MEXICO CITY -- Mexico's former senior antidrug official has been
arrested and accused of accepting bribes from a drug cartel, the
authorities said Friday.

Noe Ramirez Mandujano, who as the chief of Mexico's organized crime
unit was the closest equivalent to the government's drug czar, was
arrested late Thursday after questioning, said Attorney General
Eduardo Medina-Mora.

Mr. Ramirez is the highest-ranking official to come under suspicion
in a purge of the police and prosecutors for possible ties to drug
traffickers. While he led the unit, known by its Spanish initials as
the Siedo, Mr. Ramirez met twice with a member of a loose federation
known as the Pacific Cartel and took a payoff of $450,000, Mr.
Medina-Mora said.

In return, Mr. Ramirez passed along information about investigations
and actions against the cartel, Mr. Medina-Mora said. The witness who
accused Mr. Ramirez of taking the bribe told investigators that more
money had also been promised to him.

Mr. Ramirez led Mexico's organized crime unit for less than two years
before resigning in July. He was then appointed to Mexico's
delegation to the United Nations Office on Drugs and Crime in Vienna.

The accusations against Mr. Ramirez unfolded as part of a month-old
investigation that has uncovered corruption among the senior ranks of
the antidrug forces. Officials say the Beltran Leyva drug-trafficking
organization, part of the Pacific Cartel, has bought protection with
payoffs to top officials.

In an interview last year, Mr.

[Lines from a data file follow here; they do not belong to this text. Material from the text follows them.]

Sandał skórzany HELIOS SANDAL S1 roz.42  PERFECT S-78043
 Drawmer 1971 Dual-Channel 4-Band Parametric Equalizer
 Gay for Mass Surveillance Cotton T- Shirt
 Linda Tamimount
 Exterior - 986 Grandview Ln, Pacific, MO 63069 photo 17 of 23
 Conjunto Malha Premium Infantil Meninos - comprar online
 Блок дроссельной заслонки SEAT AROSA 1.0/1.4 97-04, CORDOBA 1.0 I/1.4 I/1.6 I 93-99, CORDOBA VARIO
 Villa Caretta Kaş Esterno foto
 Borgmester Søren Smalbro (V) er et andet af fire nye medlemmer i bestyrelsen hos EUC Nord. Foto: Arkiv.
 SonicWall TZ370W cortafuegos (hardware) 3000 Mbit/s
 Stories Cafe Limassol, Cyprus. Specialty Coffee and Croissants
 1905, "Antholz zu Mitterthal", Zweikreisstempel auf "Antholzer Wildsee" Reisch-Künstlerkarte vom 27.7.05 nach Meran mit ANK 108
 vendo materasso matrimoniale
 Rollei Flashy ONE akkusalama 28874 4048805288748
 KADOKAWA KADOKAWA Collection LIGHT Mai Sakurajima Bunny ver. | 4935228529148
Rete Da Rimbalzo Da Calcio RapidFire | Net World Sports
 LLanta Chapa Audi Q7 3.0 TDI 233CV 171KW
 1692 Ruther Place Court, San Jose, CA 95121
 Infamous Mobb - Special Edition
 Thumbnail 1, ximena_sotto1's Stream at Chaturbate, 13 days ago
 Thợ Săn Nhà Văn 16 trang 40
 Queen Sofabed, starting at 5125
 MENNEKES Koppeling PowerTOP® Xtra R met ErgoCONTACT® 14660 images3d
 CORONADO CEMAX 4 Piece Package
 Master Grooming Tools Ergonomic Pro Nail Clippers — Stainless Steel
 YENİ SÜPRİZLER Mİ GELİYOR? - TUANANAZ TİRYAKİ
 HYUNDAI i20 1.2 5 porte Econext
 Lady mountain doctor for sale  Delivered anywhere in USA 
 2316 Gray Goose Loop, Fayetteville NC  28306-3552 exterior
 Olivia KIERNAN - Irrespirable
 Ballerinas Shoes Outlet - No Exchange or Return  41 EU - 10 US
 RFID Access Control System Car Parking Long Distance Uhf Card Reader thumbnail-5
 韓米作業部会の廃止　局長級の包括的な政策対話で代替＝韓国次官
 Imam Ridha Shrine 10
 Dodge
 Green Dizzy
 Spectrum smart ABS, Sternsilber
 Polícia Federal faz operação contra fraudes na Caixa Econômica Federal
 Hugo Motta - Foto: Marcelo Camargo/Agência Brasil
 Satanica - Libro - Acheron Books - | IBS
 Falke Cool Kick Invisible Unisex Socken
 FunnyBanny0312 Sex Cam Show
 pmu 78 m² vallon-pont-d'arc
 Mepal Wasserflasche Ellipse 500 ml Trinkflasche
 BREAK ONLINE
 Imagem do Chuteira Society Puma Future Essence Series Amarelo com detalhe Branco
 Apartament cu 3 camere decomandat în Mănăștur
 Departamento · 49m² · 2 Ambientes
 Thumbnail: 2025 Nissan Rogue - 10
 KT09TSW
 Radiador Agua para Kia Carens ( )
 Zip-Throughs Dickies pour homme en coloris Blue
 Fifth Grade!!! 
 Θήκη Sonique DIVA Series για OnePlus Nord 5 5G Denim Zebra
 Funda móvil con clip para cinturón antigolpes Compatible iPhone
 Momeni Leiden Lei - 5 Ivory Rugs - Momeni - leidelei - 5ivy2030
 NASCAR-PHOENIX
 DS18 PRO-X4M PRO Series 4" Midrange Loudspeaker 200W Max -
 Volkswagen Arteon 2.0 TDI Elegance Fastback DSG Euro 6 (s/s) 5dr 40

Ramirez, a former police official,
described how drug-trafficking organizations were able to buy off
local police forces to obtain the intelligence they needed to operate.

So far, six other high-ranking officials have been charged in the
investigation, said Mr. Medina-Mora, who was Mr. Ramirez's boss. The
current and former directors of Interpol's Mexico office have also
been arrested.

The United States has been preparing to release about $400 million in
aid for Mexico's drug war, to be spent on training and on helicopters
and other equipment.

President Felipe Calderon has won praise from the United States for
beginning a crackdown on drug trafficking shortly after he took
office two years ago. He has sent 30,000 soldiers to regions where
cartel violence had increased.

Although the government claims success in the growing number of drug
seizures and the arrest of several top traffickers, the cartel's
response to the crackdown has increased the violence.